モーリシャス近海で起きた大型貨物船「わかしお」の座礁・石油流出を受け、アフリカ日本協議会(AJF)は、緊急セミナーを開催した。モーリシャスの弁護士で、若者支援団体ハレー・ムーブメントの法務・運営顧問を務めるニルマル・ブスゴポールさんは、石油の流出によりマングローブなどの自然環境に深刻な被害が出ており、現地の漁業や観光業が大打撃を受けていると報告した。
■事故を起こしてはいけない場所だった
わかしおは縦300メートル、幅50メートル、積載量は20万3130トンの大型貨物船。7月25日にモーリシャスの近海でサンゴ礁に衝突。積んでいた4000トンの燃料のうち約900トンが海に流出した。

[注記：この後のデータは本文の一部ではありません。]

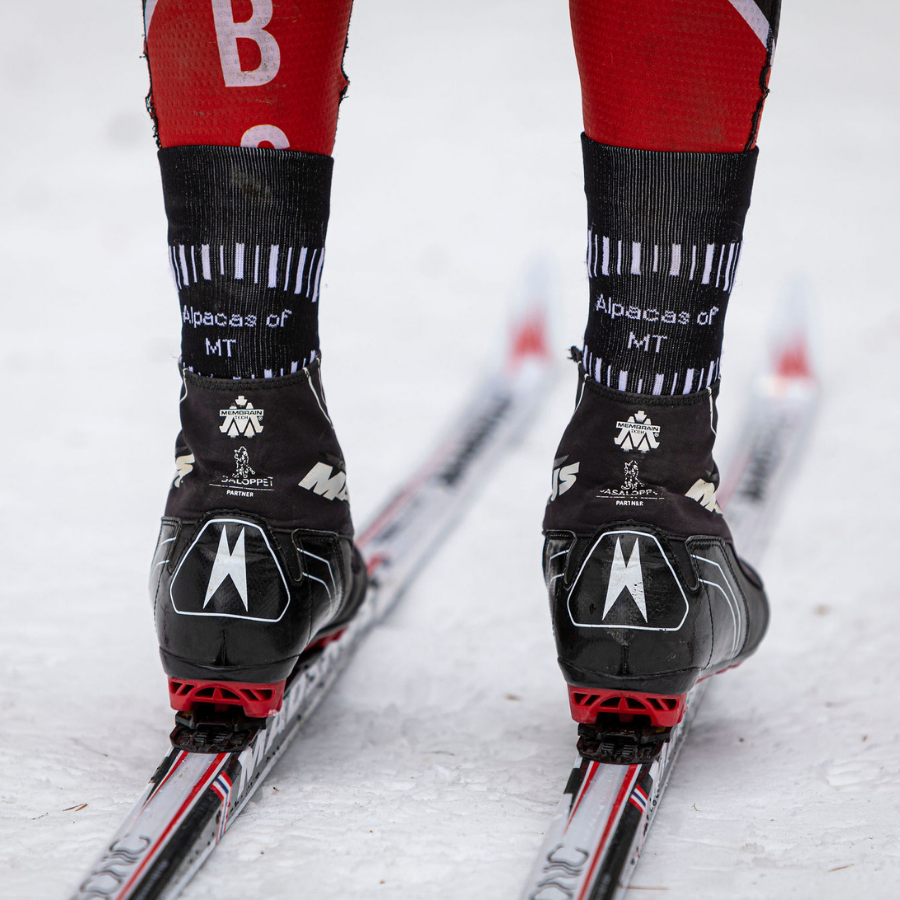 person cross country skiing wearing alpaca wool mid crew socks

わかしおが座礁した場所は、モーリシャス島からわずか1.4キロメートル東の場所。流れ出た石油は潮に乗ってモーリシャス島の沿岸部に到達した。
今回の座礁で懸念されるのが、生態系への影響だ。特に沿岸地域に生息するマングローブが深刻な被害を受ける可能性がある。流れ着いた石油はマングローブの森に浸入し、葉や茎、幹に付着する。マングローブは、海面に出た気根と呼ばれる根から呼吸をしているため、この気根が石油により塞がれると、呼吸ができなくなる。これによりマングルーブは枯れてしまう。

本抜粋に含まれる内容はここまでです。